Vines, wild ferns, creepers, lush foliage, dense undergrowth, and an occasional fallen tree greeted us as we climbed up the steps. The damp places showed rocks encrusted with lush green moss. The mingled smell of the damp earth, the pines, the rotting fallen leaves, decaying wood, the dead foliage intensified by the ‘petrichor’ brought in by the recent rains made my head swim.

I spotted a shallow pit by the side of the trail, obviously dug up by a wild boar to forage for roots and tubers. Suddenly, the forest came alive with an ear-splitting sound. The cicadas! The loudest among all the insects of the world, they are ‘one of nature’s great sound–atmospheric and enigmatic.


While doing frequent cycling jaunts on the Mudkhu-Teen Piplé-Sanglé route north-west of the Kathmandu valley rim, I’d instinctively look up to my north at the towering forested hills above Jitpur Phedi, my eyes glued to the breach on the sheer craggy height. It literally beckoned.

That crack on the naked rock-face, the local folks say, is the Tarkeshwor Mahadev shrine. For years, I longed to go there, but never got around to it. Someday . . . I’d keep telling myself. And the day did come on the last week of June 2019.

For mountain bikers, the two-and-a-half-hour round trip on the Mudkhu-Teen Piplé-Sanglé circuit, first on a paved road and later a dirt road past quaint little village-towns like Jitpur Phedi, Kabhresthali, and Sanglé promises a decent cross-country spin.

The track offers both modest up-hills and rock-strewn down-hills to thrill the mountain biking buffs including the “bikeoholics” (mountain biking limbo meaning hardcore riders) to while away their weekend mornings.  Small wonder, it has become a popular haunt for all the bikers.

Hiking not biking                                                                                  

This time, the trip happened to be a hike and not a ride on my bicycle. There were five of us –Shayeet, my cycling partner, his mother, Shalu, my wife, Radhika, I and a teenager guest from Bangladesh, Adriana. A first cousin to Shayeet, she was in Kathmandu for her holiday.  We made quite a mixed bunch, old, not-very-old and kids in their teens!

From left to right: Shayeet, Adriana, Shayeet’s mom and Radhika (front)

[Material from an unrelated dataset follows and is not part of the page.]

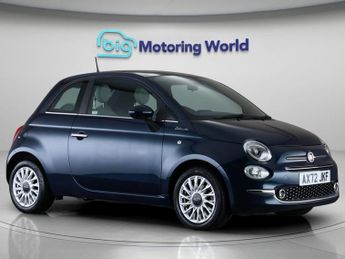 Fiat 500 DOLCEVITA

None of us had been to the place before, so no one knew the route.  A quick look on the Internet helped me. We decided on a ride to Teen Piplé and then hike from there (buses ply on the road as it happens to be the Trishuli Highway with beautiful hill-towns like Kakani and Rani Pauwa en route). We did not catch a bus but drove instead, a 45-minute ride, in my car.

Wavering start

As the Internet did not have enough info on the place, things like distance, villages on the track, teahouses and the like, we thought it best to pack our lunch. Later, we found that we had figured it right.

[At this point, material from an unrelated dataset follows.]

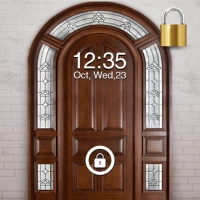 Fancy Door Screen Lock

As we planned to leave after breakfast, we prepared the food the previous night. With rain-jackets, umbrellas, water bottles, and, whatnots taken care of, we were all set to backpack it to Tarkeshwor the next day.

Come the next day, and I awoke to a sudden thrumming, which soon turned into a familiar pelting sound. Oh, no–the rain! I cursed. I always love the sound of the rain drumming on the windows and the floor outside my patio.  But never did I hate the rains so much than that particular morning. At first, it was just a light pitter-patter, but soon it started pouring.

“There goes our trip down the drain,” I hollered. Hoping for the impossible to happen, Radhika and I helped ourselves with breakfast.  More likely than not, the rest of the group, our close neighbors, was going through the same plight.

The rain, lo and behold, suddenly showed the signs of letting up. Miraculously, it stopped. A little later the sun started peeking in through the clouds.  Radhika’s phone rang, and the group made a hurried appearance. Time to move; everyone piled into the car and I took the wheel.

The winding drive past Mudkhu Bhanjhyang with the towering Nagarjun hill blanketed with the dense forest was a sight for sore eyes after the unsightly urban sprawl and the traffic snarl at the busy Ring Road. The paved road until Osho Tapoban, the Rajneesh Meditation Centre, was fairly good.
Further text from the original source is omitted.